The three cases dealt with quite different issues.
In National Institute of Family Life Advocates v. Becerra, a 5-4 majority of the court overturned a California statute that required anti-abortion crisis pregnancy centers to inform clients where they could obtain free or inexpensive abortions — something the centers regard as homicide.
The same 5-4 majority in a second case, Janus v. American Federation of State, County and Municipal Employees, reversed a 41-year-old precedent and ruled that public employees don’t have to pay unions fees that cover the cost of collective bargaining. Echoing a position taken by then-President Franklin Roosevelt in the 1930s, the court reasoned that collective bargaining with a public employer is inevitably a political matter, and that forcing employees to finance it is compelling them to subsidize political speech with which they disagree.
In the third case, Masterpiece Cakeshop Ltd. v. Colorado Civil Rights Commission, the court avoided a direct decision on whether a baker, whose Christian belief opposed same-sex marriage, could refuse to design a custom wedding cake for a same-sex couple, contrary to a state law that bars discrimination against gays. Seven justices ruled that the commission showed an impermissible animus against religion, but the four liberal justices endorsed a separate opinion indicating they’d rule against the baker otherwise.
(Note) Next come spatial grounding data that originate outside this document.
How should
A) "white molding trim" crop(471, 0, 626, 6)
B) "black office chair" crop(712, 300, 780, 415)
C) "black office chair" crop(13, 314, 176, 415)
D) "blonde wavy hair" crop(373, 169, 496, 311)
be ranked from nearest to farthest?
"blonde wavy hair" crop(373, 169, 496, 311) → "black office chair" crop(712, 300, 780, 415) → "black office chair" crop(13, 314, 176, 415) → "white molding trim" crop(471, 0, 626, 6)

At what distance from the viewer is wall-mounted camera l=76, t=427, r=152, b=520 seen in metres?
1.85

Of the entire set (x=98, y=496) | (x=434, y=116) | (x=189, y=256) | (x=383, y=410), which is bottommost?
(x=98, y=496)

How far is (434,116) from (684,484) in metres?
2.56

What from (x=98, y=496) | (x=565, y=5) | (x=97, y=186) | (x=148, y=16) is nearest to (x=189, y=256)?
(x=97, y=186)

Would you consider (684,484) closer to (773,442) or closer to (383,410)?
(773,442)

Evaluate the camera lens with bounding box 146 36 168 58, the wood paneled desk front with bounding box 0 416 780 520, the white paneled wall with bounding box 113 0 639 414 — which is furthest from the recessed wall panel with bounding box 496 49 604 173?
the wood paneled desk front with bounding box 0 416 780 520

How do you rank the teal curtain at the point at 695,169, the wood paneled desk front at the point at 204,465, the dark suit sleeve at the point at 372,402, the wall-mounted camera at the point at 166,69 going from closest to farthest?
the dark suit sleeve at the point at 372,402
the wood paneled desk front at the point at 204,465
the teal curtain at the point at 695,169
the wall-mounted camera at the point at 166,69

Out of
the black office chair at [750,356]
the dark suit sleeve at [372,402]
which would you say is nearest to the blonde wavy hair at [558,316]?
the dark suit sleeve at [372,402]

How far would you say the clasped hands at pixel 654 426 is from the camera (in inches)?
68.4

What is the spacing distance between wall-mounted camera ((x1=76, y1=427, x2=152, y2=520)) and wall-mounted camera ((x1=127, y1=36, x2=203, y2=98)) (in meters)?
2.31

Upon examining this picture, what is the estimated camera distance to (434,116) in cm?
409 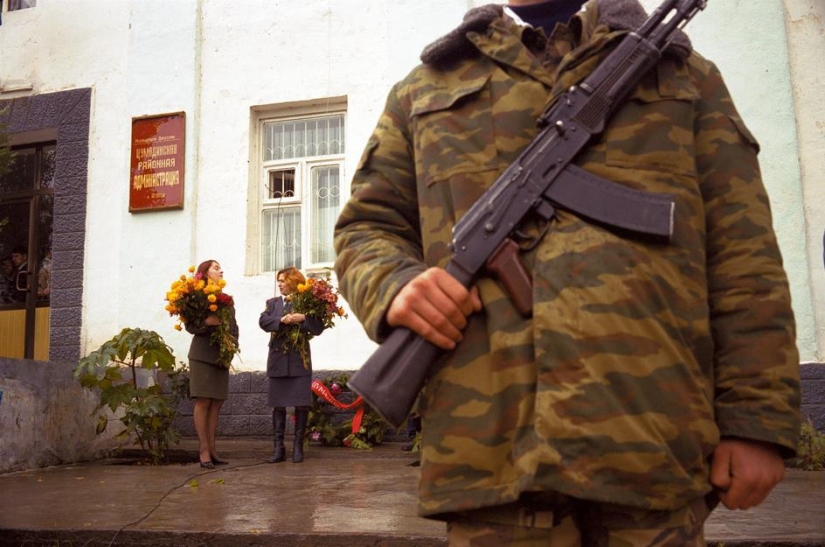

Rational arguments can now be made for the dissenters’ positions. In Becerra, they argued that the law simply prevented misleading advertising; in Janus, they argued that union members should pay for services rendered; in Masterpiece Cakeshop, they argued that selling a cake is a routine service, not a form of expression. You may not agree, but you can see why others might make these arguments.
But are they “liberal”? That word comes from a Latin root that means “free.”
And “free” is the keyword in the First Amendment to the Constitution, which bars Congress from passing laws “prohibiting the free exercise” of religion or “abridging the freedom of speech or of the press.”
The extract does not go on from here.